Did he have to walk a gangplank of risk? Absolutely not. The only risk was not getting started.

Over the last two decades, I’ve met with many founders of companies that have reshaped the world with software, including Bill Gates, Reid Hoffman, Marc Benioff, Marc Andreessen, and more. I’ve asked many of them how they came up with their own initial product ideas.

Surprisingly, the answers are pretty mundane.

My conclusion: Anyone can come up with the idea for what I call an Appzilla—software that can consume $1 billion in revenue and disrupt an industry.

To see just how mundane the original ideas can be for today’s tech giants, let’s go back in time and look at how they got started:

The origins for the biggest and most powerful tech companies that rule the world today are often … underwhelming.

In college, I wrote a paper on Martin Luther, who changed the world by defiantly posting his famous Ninety-Five Theses on the door of the Wittenberg Castle church.

In 1517, Luther challenged the central religious authority of the Catholic Church, arguing that humans could reach salvation directly through their own faith, instead of paying indulgences to priests and the pope.

Luther shattered a spiritual glass ceiling and changed the course of history by sparking the Protestant Reformation, which led to a radical group of Protestant pilgrims settling in America … and the eventual rise of Silicon Valley.

There are no barriers to innovation today.
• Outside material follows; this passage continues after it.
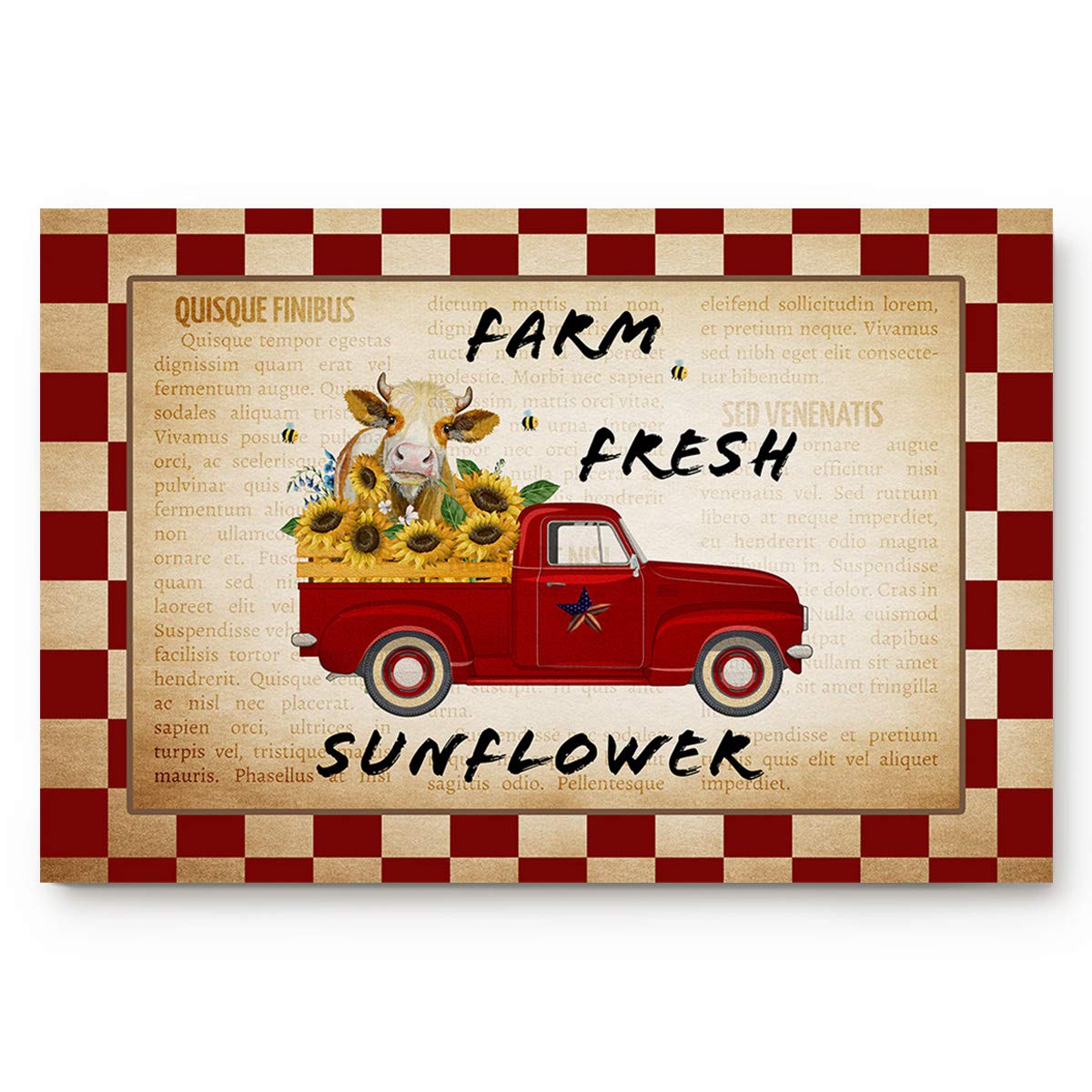 Farm Style Durable Door Mat, Rubber Doormats Non-Slip and Easy Clean, Absorb Water Mats for Garage and Entrance Way Use, 16x24 inch Red Truck Carrying Cow and Sunflowers Retro Red Lattice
No technology priests or popes to worship — only the illusory conditioning that limits our minds and actions. I call it the Innovation Glass Ceiling.

Great innovators gather the cloth of today’s technologies until they pull forward a glimpse of the future. Once you see a vision of the future clearly, anyone has the power to shatter the Innovation Glass Ceiling.

Anyone can invent an Appzilla, even an English major.

What I love most about America is that even with no experience, if you have a great idea, you can get funded. I might have stumbled around at the start, but I persevered and ended up inventing multi-billion dollar software products.

You can, too. There’s never been a better or easier time to change the world.

About Me

I’ve spent two decades decoding innovation, collecting the hidden frameworks that drive many of the most successful entrepreneurs in technology today. I’ve personally implemented these frameworks, inventing software products at Delphix and Avamar that have driven more than $4 billion in sales. Disrupt or Die (available on Amazon) is my first book.

Parts of this article are excerpted from Disrupt or Die.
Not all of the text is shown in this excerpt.